In 6.1, if you called
IntoElem
without a current child element, it would
find the first child element. Now in 6.5
when there is no current child position,
IntoElem
puts the main position before the first
child element so that a subsequent call to
FindElem
will not bypass the first element. So, the
quick way to check this when upgrading is to
scan all occurrences of
IntoElem
and make sure the previous CMarkup
navigation call is
FindChildElem
before it. Or, if the child element was just
created with
AddChildElem
then its okay because that sets the current
child position too.

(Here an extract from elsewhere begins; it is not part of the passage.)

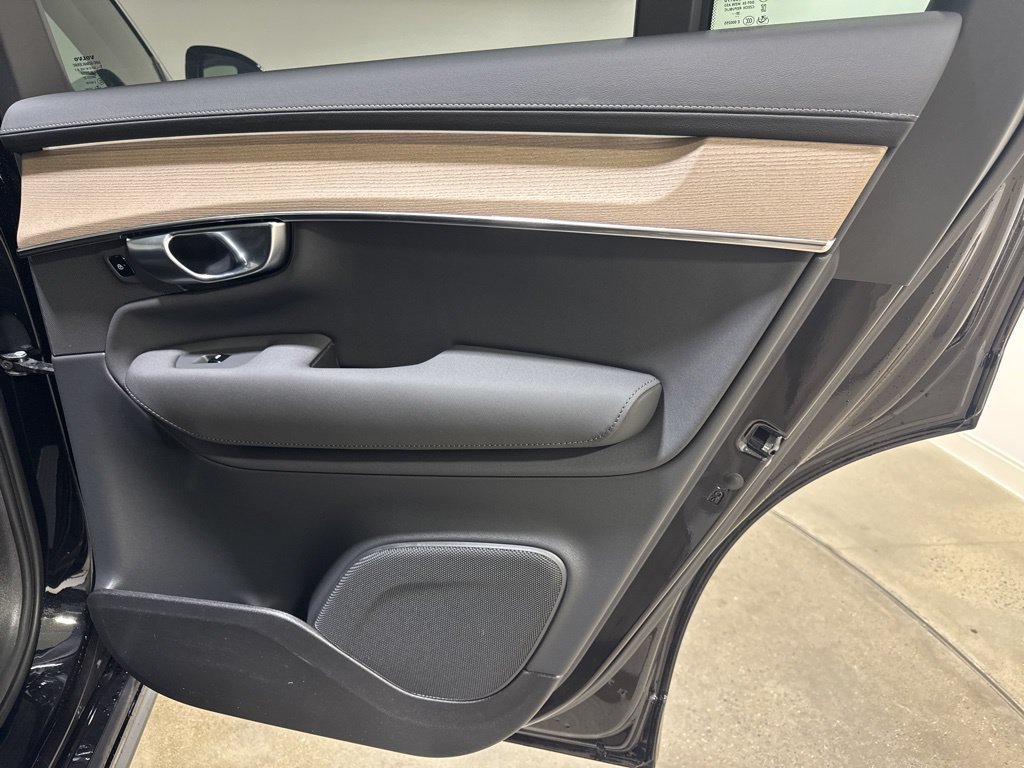 New 2026 Volvo XC90 B6 Plus AWD/4WD image 23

For full details on
this, see the IntoElem Changes in Release
6.3.
Other major
changes since 6.1:
-
Fix:
MBCS double-byte text
x_TextToDoc
*thanks knight_zhuge
-
Performance: parsing is roughly twice as
fast
-
Debugging: see
m_pMainDS
and
m_pChildDS
class members while debugging to see
string pointers showing current main and
child positions
- New
Test Dialog interface with diagnostic
results and load vs. parse times, and
RunTest
code for startup
License
CMarkup
Lite is free for compiling into your
commercial, personal and educational
applications. Modify it as much as you like,
but retain the copyright notice in the
source code remarks. Redistribution of the
modified or unmodified
CMarkup
Lite class source code is limited to your
own development team and it cannot be made
publicly available or distributable as part
of any source code library or product, even
if that offering is free. For source code
products that derive from or utilize
CMarkup
Lite, please refer users to this article to
obtain the source files for themselves. You
are encouraged to discuss this source code
and share enhancements here in the
discussion board under this article. Enjoy!